Ему прежде всего нужна была «блестящая борьба», писал Георгий Иванов. Всю жизнь она не давалась, и Леонтьев всю жизнь отчаянно тосковал по ней. Мысли Леонтьева оказались к 1930-м годам созвучны националистическим кругам эмиграции, например, младороссам, «движению аристократически-фашистскому», по определению Г. Иванова. В чем-то учение Леонтьева было близко и другим пореволюционным течениям. О них Г. Иванов написал два очерка «Вопросительный знак» и «Вавилонская башня», напечатанных в «Сегодня» незадолго до появления в этой газете очерка о Леонтьеве. В тех двух очерках (объединенных под заголовком «О новых русских людях» в журнале «Числа») он рисует портрет Петра Степановича Боранецкого, активиста так называемой «третьей силы». Впрочем, его фамилии Г. Иванов не называет, хотя с настойчивостью повторяет имя и отчество, чтобы читатель вспомнил Петра Степановича Верховенского, героя романа Достоевского «Бесы». Самое характерное в Петре Степановиче – одна фраза, которую со своим южнорусским выговором он упорно повторял на каждом собрании: «Мы хотим мохущества». Примечательно, что Г. Иванов, который сам о «мохуществе» никогда не мечтал и «третьей силой» интересовался только как наблюдатель, вводит Леонтьева в свои стихи. В одном стихотворении его имя названо рядом с Тютчевым. В другом приводится главнейшая философская мысль Леонтьева. Мысль состоит в утверждении, что в мире явлений нет ничего достоверного — ничего, кроме конечной гибели. Прочитаем стихотворение Г. Иванова 1930 года, настолько близкое этой мысли, что она видится как парафраза или как вариация на леонтьевскую тему в отточенной поэтической форме.
(«В сумраке счастья неверного…»)
Первая строфа — первая половина мысли Леонтьева: «В этом мире явлений нет ничего достоверного…»; вторая строфа — завершение этой мысли: «кроме конечной гибели».
В сентябре 1932 года умер отец Ирины Одоевцевой. Свое состояние он завещал дочери. Наследство оказалось немалым. Деловые и бытовые хлопоты задерживали возвращение в Париж.
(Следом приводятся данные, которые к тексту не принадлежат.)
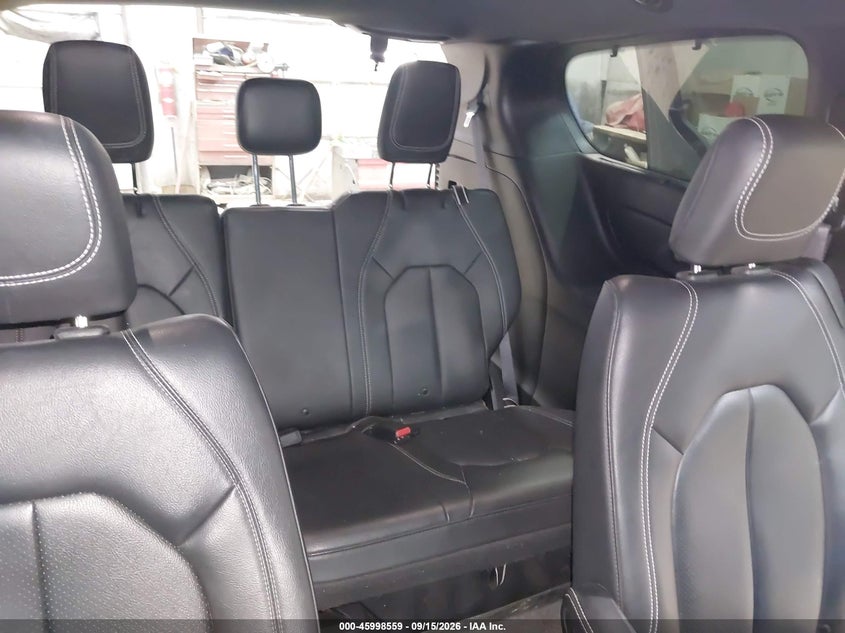 CHRYSLER PACIFICA 2020 VIN 2C4RC1BG0LR290569
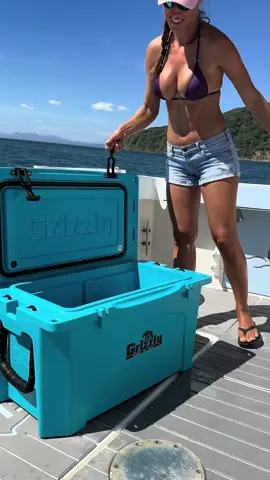 Inshore fishing action out of Casa del Golfo #fishingwithluiza #fish #elsalvador #fishing 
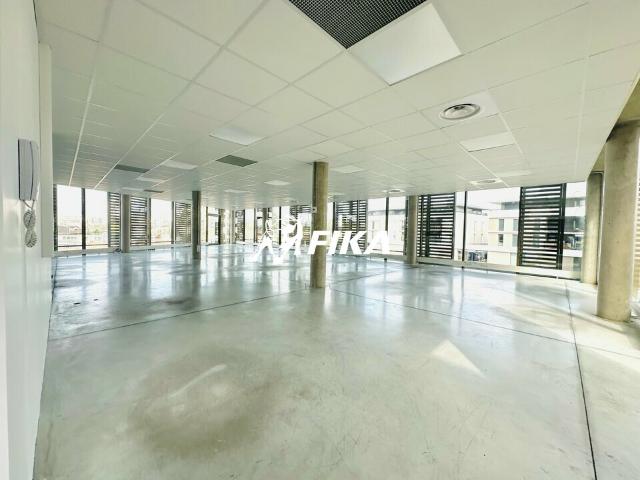 Bureau location à Bordeaux, Mérignac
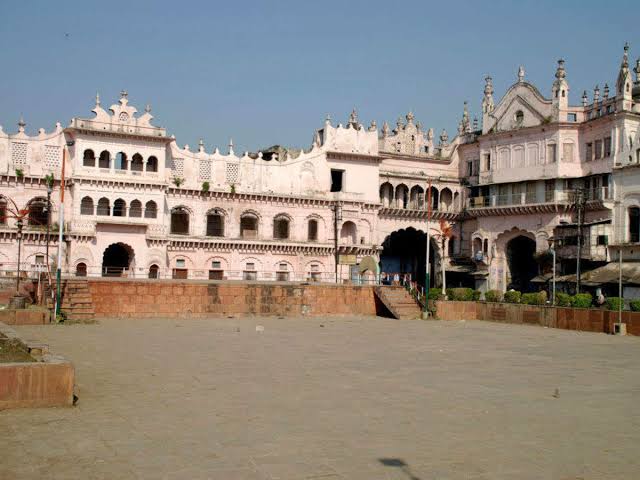 Shaukat Mahal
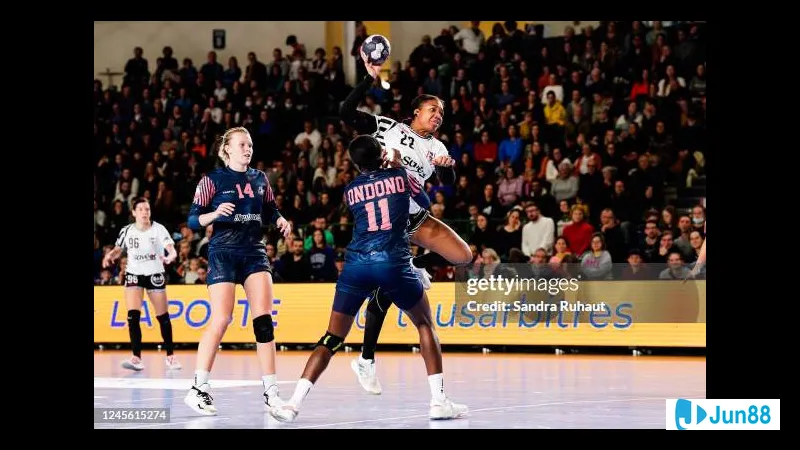 Cầu thủ của Brest dứt điểm trước khi bị cản phá bởi hậu vệ của Nantes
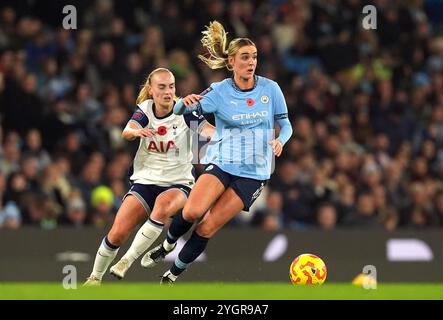 Tottenham Hotspur's Molly Bartrip] (links) und Jill Roord aus Manchester City kämpfen um den Ball während des Barclays Women's Super League-Spiels im Etihad Stadium. Bilddatum: Freitag, 8. November 2024. Stockfoto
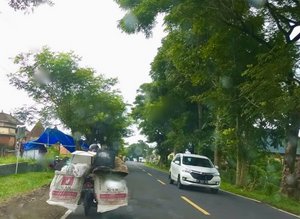 Bali Transport - TVs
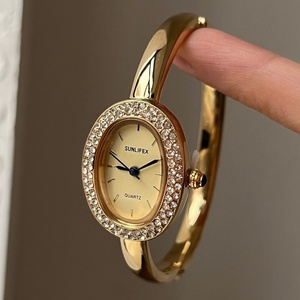 Montre-bracelet de luxe pour femme avec bracelet en acier inoxydable, design ovale en zircon 5A, mouvement à quartz 3 ATM, bracelet de 16 mm en alliage doré - Product Image 2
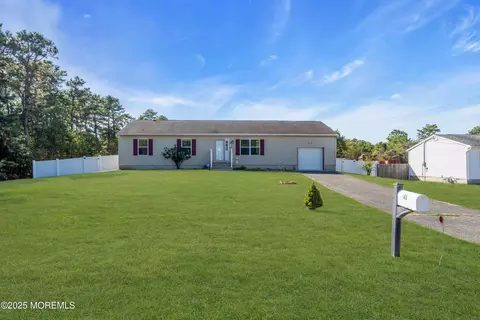 168 Grand Central Pkwy, Bayville, NJ 08721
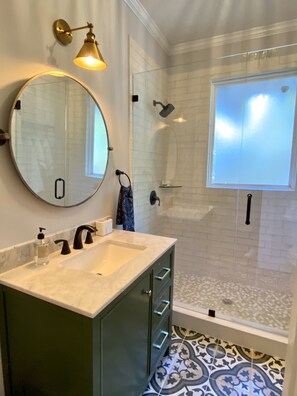 Douche, sèche-cheveux, serviettes fournies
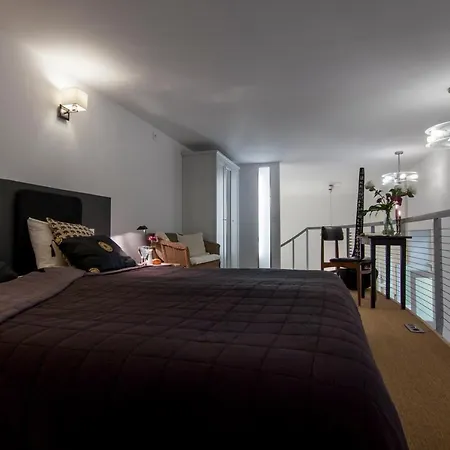 Old Chocolate Factory Apartment *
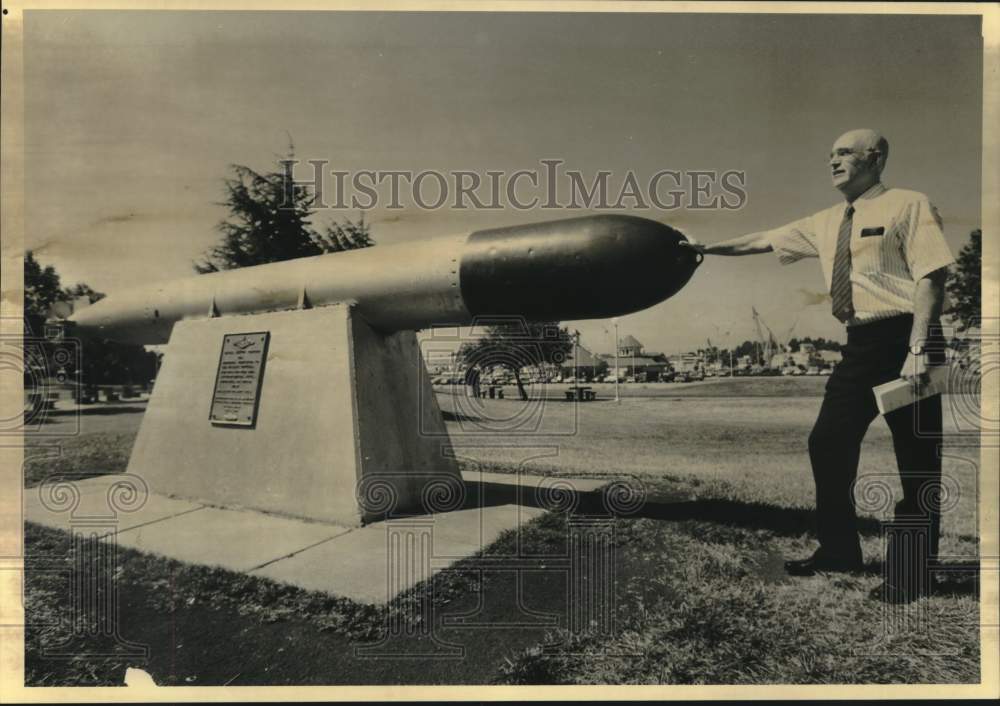 1993 Press Photo Tony Intintoli next to torpedo in waterfront park - Historic Images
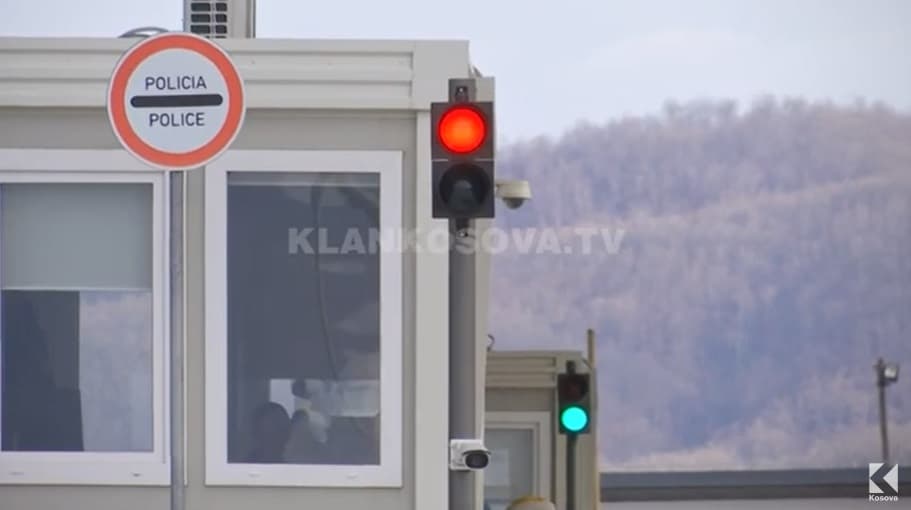 Mbyllja e Merdarës, ua prish pushimet mërgimtarëve (VIDEO)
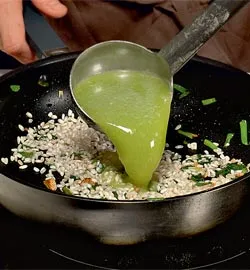 Різотто з цибулею та руколою: ароматна страва для вашого столу 4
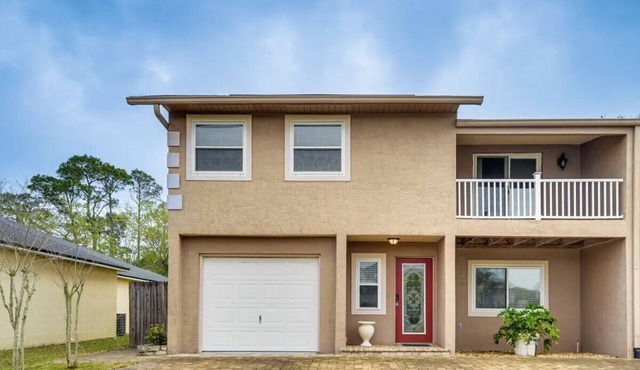 Palm Coast Duplex w/Private Yard ~ 3 Mi to Beach! in Palm Coast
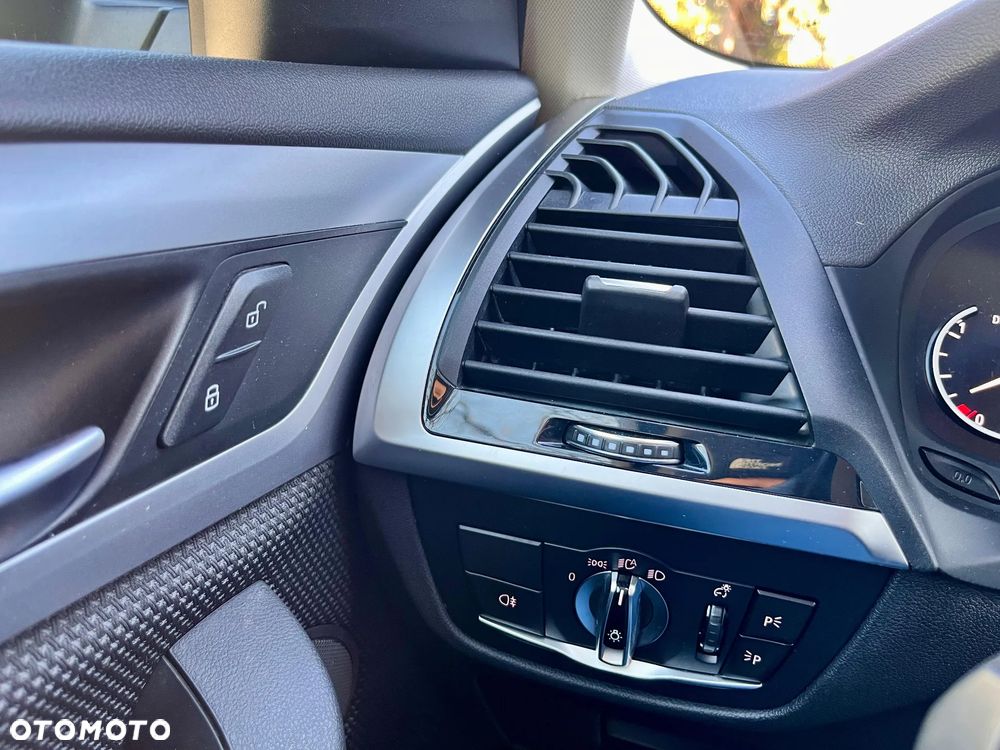 BMW X3 sDrive18d - 35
В Риге Георгий Иванов виделся с местными русскими литераторами. Бывал дома у М. С. Мильруда, главного редактора ежедневной газеты «Сегодня». Встречался с молодыми поэтами, выделил из их числа — фактически открыл — талантливейшего Игоря Чиннова, который через много лет это открытие подтвердил: «В Риге меня нашел Георгий Иванов, почему-то ему понравились мои стихи, даже и статья моя; это все было напечатано в "Числах"» И еще один бытовой штрих. «Когда я впервые увидел Георгий Иванова в Риге, – писал Чиннов, – он поразил меня своей элегантностью и шепелявостью».